#### Work instructions
Exactly the lines from the first line of the records to the line holding "未使用品】STUDIO AMELIA ドロストギャザークラッチバッグ ブラウン" should be duplicated, and nothing more; pictures stay out.
- - -
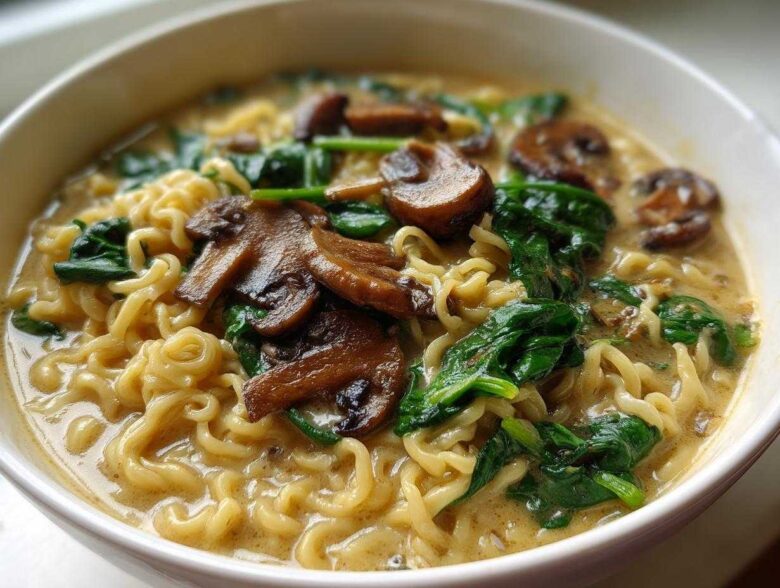 Close-up of One-Pot Creamy Mushroom Spinach Ramen featuring wavy noodles, wilted spinach, and sliced sautéed mushrooms in a rich broth.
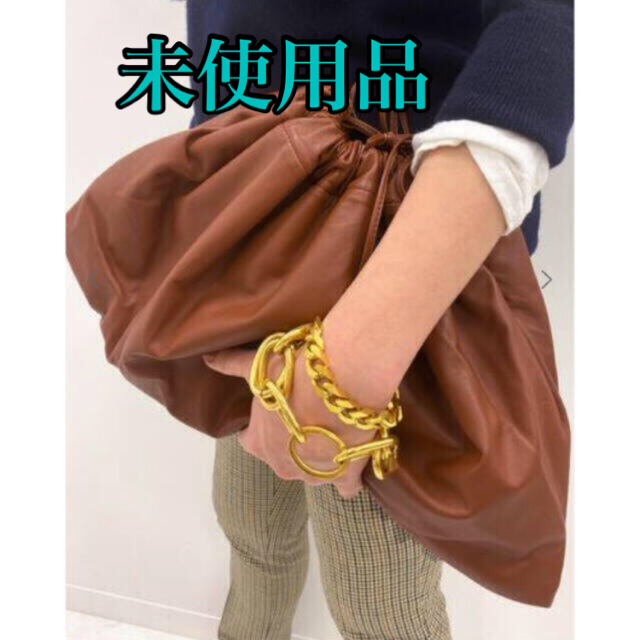 未使用品】STUDIO AMELIA ドロストギャザークラッチバッグ ブラウン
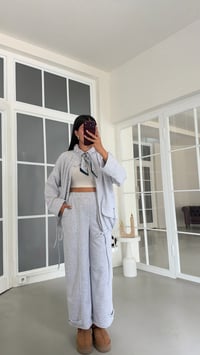 Gri Şal Detaylı Hırka Beli Lastikli Pantolon İkili Modal Takım GAUS-02176GAUSSuitsGAUS-02176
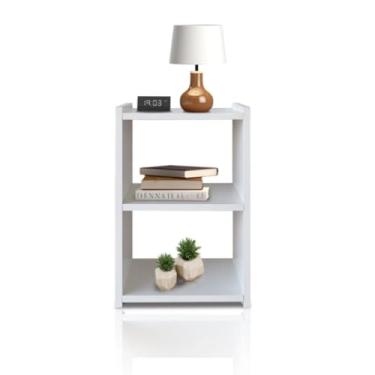 Imagem de Mesa de Cabeceira com Nicho Branco MDF 15mm Retrô para Quartos e Escritorios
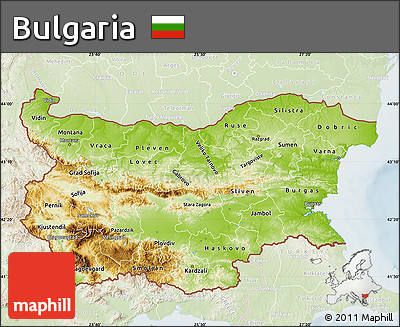 Physical Map of Bulgaria, lighten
- - -
#### Solution for this problem
 Close-up of One-Pot Creamy Mushroom Spinach Ramen featuring wavy noodles, wilted spinach, and sliced sautéed mushrooms in a rich broth.
 未使用品】STUDIO AMELIA ドロストギャザークラッチバッグ ブラウン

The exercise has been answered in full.